- TASK DESCRIPTION:
Only the lines in the entries below from the line with "Captivating Hindu-inspired Cityscape" to the line with "Gray and White Cardigan", both included, belong in the answer, transcribed exactly and without pictures.

- DATA SECTION:
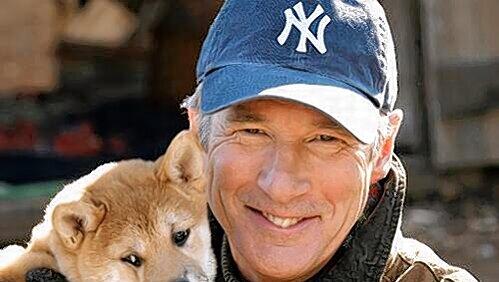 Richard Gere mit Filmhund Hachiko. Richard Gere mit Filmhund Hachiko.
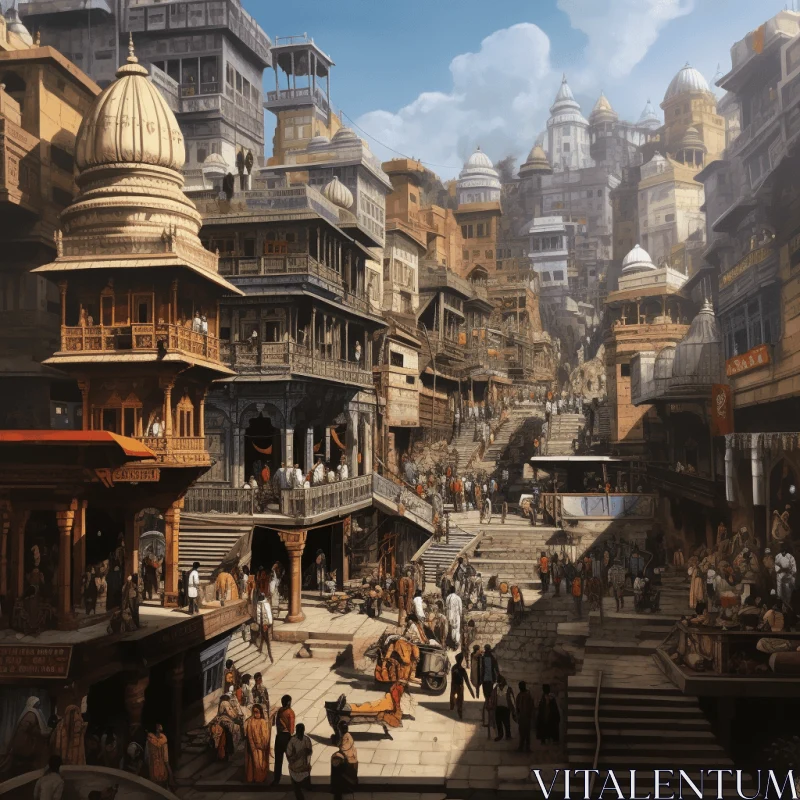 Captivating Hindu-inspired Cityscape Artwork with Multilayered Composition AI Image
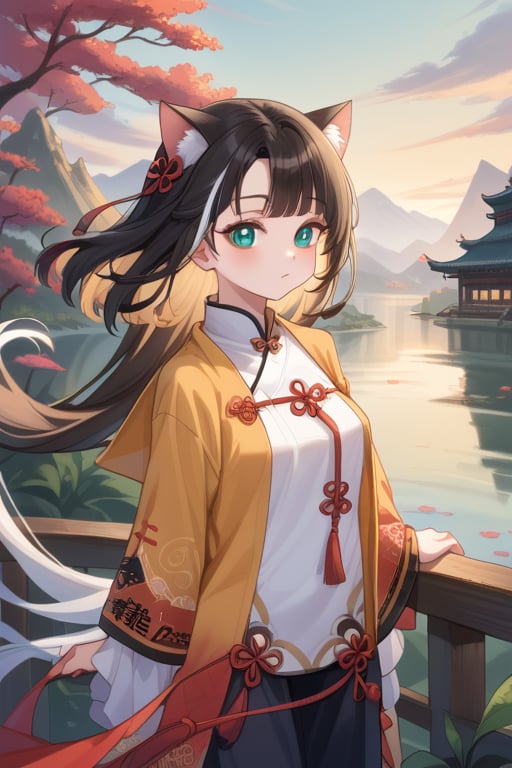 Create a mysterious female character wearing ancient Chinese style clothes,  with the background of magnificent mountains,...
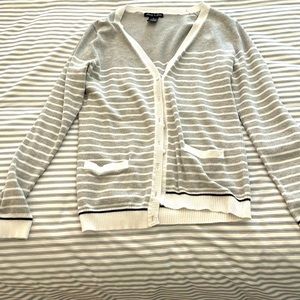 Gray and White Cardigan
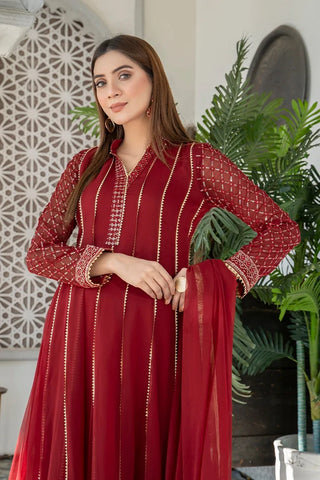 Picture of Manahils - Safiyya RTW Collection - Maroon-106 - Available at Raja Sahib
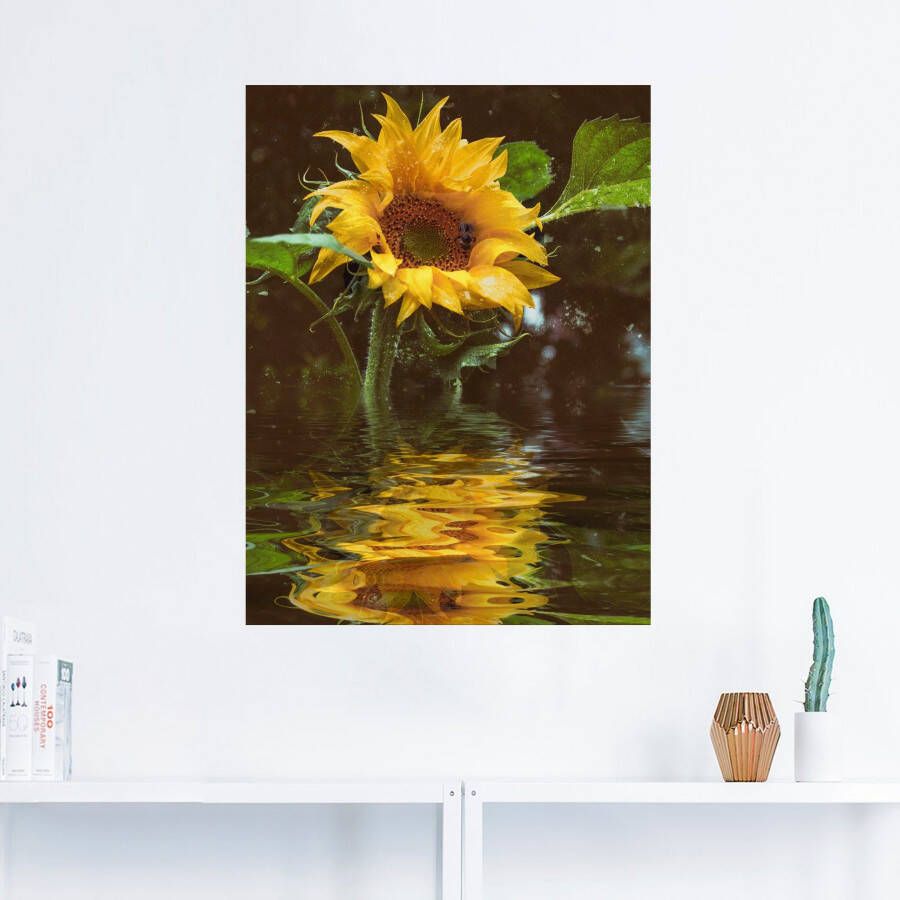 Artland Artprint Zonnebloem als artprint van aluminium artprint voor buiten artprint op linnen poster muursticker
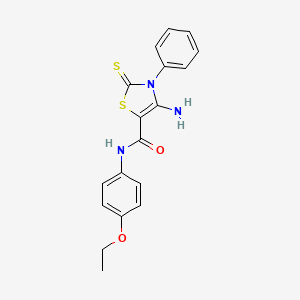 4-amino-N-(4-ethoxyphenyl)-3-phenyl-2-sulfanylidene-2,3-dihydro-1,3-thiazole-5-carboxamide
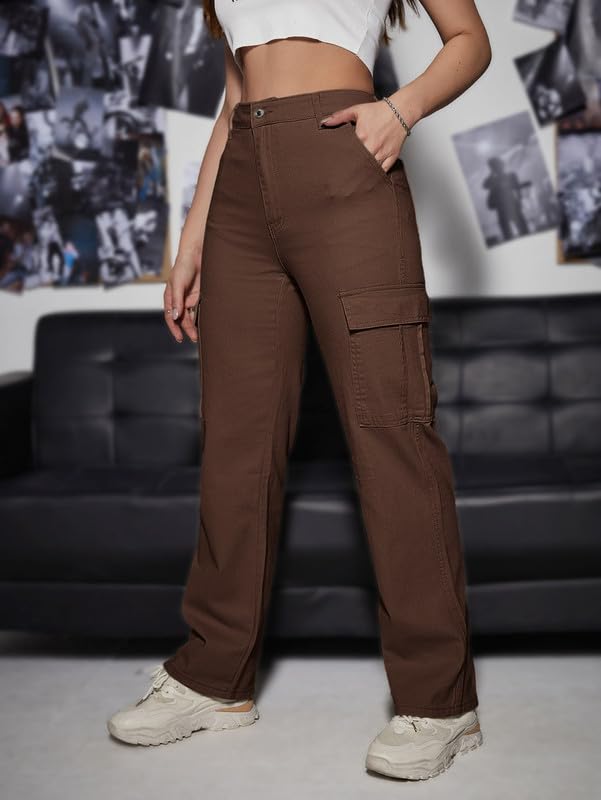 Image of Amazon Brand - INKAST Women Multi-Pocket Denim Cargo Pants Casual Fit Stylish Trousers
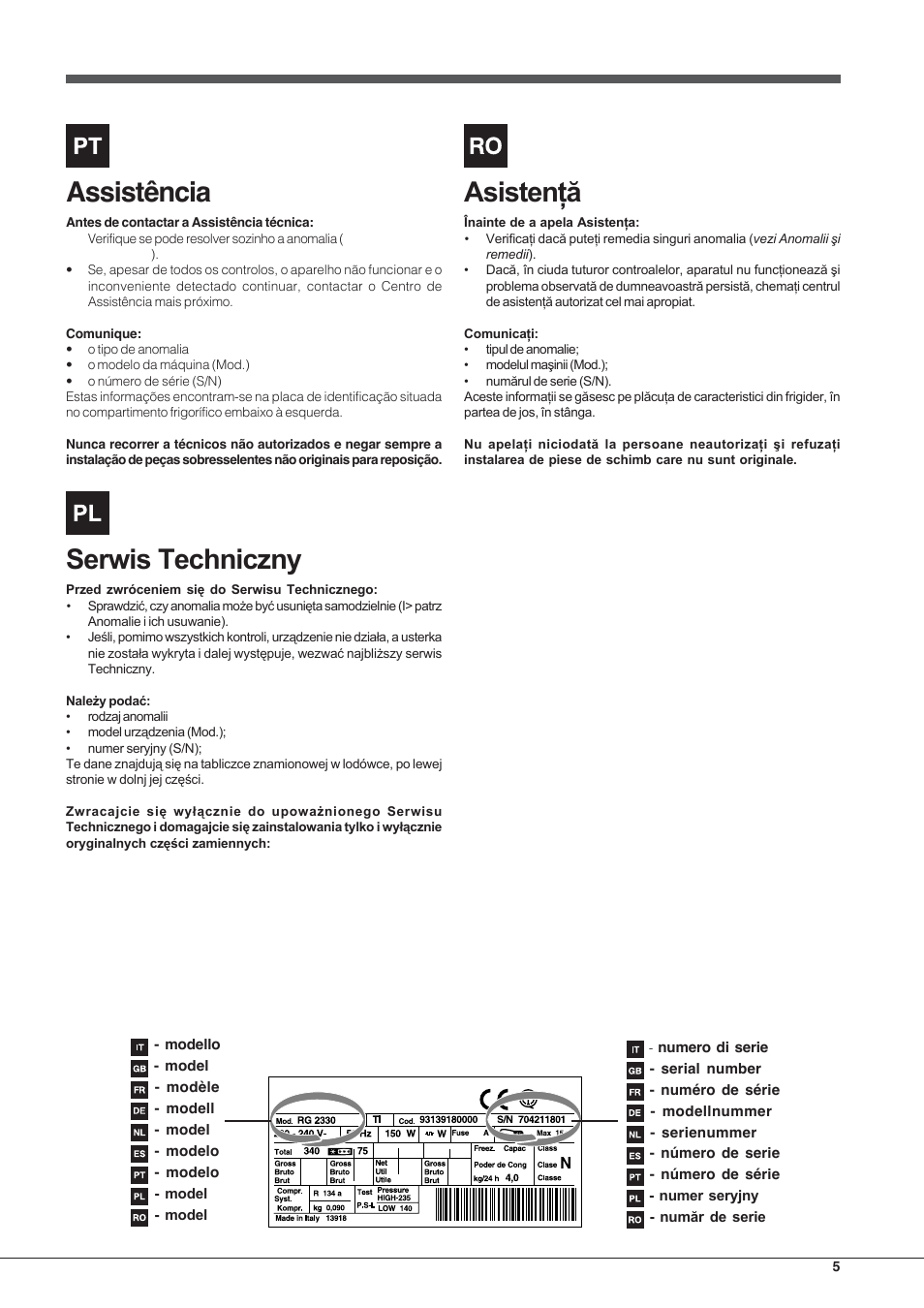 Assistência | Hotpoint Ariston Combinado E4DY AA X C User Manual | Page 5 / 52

- SOLVED EXERCISE:
 Captivating Hindu-inspired Cityscape Artwork with Multilayered Composition AI Image
 Create a mysterious female character wearing ancient Chinese style clothes,  with the background of magnificent mountains,...
 Gray and White Cardigan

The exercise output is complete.